Una volta tornato ‘libero’, ha subito riaperto la sua sala cinematografica in città, il New Beverly , e ne ha comprata un’altra. “Il cinema, a differenza di quello che pensano molti, non è affatto morto. Dopo la pandemia, l'affluenza nel mio cinema è stata incredibile, era piena tutte le sere, ma sicuramente queste sono delle realtà di nicchia. Non so se i grandi titoli torneranno a fare dei numeri pazzeschi nel weekend di apertura. Però so una cosa: sono fortunato perché abbiamo potuto fare C'era una volta a Hollywood nel 2019. È come essere un uccello che riesce a entrare in una finestra prima che venga chiusa scoprendo che qualche piuma è rimasta incastrata tra i vetri”. Continuano a scorrere le immagini che ripercorrono la sua carriera e ricorda - ovviamente tra non poche risate - la volta in cui mentì per avere una parte in un film. “Dissi di aver recitato in un film di Godard e in un altro di Romero.
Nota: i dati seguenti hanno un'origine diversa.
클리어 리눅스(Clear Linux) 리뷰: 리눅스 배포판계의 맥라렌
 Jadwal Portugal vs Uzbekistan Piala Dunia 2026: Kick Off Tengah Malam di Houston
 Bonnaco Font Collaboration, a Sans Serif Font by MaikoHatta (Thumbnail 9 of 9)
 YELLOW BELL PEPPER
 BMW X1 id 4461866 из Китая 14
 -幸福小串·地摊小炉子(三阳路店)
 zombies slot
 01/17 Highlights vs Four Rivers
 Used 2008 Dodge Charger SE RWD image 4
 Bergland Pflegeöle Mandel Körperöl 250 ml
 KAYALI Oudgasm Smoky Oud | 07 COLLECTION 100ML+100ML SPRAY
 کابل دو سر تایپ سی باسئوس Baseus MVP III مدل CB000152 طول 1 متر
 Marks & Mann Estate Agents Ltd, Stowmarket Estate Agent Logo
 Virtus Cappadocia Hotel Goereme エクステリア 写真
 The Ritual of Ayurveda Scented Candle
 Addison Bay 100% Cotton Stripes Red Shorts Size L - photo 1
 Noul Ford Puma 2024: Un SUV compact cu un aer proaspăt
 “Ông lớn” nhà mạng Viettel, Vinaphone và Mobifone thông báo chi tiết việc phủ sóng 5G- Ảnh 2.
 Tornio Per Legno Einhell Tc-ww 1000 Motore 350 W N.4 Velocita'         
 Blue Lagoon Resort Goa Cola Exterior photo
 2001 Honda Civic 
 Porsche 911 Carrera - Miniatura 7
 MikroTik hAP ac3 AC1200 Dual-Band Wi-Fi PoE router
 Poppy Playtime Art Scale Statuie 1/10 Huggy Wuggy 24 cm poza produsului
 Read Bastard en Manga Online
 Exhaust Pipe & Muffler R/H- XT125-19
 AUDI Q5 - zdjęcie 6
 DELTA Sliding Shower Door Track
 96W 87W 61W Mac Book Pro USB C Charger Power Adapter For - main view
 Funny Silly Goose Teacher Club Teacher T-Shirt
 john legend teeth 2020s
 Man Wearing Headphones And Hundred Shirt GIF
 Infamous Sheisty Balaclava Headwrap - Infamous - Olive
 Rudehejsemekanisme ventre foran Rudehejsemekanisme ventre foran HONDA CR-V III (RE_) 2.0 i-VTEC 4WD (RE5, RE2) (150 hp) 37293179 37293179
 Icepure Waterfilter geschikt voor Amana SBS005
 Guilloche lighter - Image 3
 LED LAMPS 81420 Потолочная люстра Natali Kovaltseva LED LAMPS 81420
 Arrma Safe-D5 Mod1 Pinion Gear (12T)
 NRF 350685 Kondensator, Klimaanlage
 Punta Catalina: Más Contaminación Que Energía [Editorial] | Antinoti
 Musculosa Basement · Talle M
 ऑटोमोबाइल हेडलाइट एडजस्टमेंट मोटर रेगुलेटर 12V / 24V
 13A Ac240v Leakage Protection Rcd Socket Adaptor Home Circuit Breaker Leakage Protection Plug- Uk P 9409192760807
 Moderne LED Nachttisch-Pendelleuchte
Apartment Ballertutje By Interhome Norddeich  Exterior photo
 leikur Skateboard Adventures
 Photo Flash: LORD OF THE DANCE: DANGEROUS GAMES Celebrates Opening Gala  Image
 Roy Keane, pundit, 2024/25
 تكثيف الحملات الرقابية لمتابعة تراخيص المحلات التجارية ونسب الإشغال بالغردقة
Qualcosa nel XV dovevo pur metterlo. Poi - aggiunge - avevo detto di aver recitato nel Re Lear di Godard, un film terrificante in cui c’era anche Woody Allen, un film talmente brutto di cui nessuno si ricorda”.

La sua passione? “Guardare film di serie B, soprattutto italiani”. Quelli con la Fenech e altre donne semi o completamente nude, per intenderci. “Li ho scoperti negli anni 70, subendone il fascino. Anche quelli dimostrano la grandezza del cinema italiano, ricco di una qualità teatrale da ogni punto di vista”. Prima di essere premiato da Dario Argento con il Premio alla Carriera, ci confida che gli piacerebbe girare un film a Roma, magari a Cinecittà. “Girare lì sarebbe pazzesco, ma voglio cercare la storia giusta. Mia moglie impazzirebbe perché ama questa città”. “Ha pensato di girare Kill Bill 3? Gli chiediamo, visto che, ospite da Fazio, ha detto che vuole realizzare un decimo film per chiudere definitivamente con il cinema. “Chissà” – ci risponde - “È una possibilità, Vedremo”. Si commuove, poi, nel gran finale, ricordando Ennio Morricone, con cui ha lavorato in The Eightful Eight, autore della colonna sonora originale con cui vinse l’Oscar. “Lavorare con lui è stato un sogno. È stato il mio compositore preferito in assoluto. Che dire? Con lui era tutto incredibile, perché è stato un vero gigante”.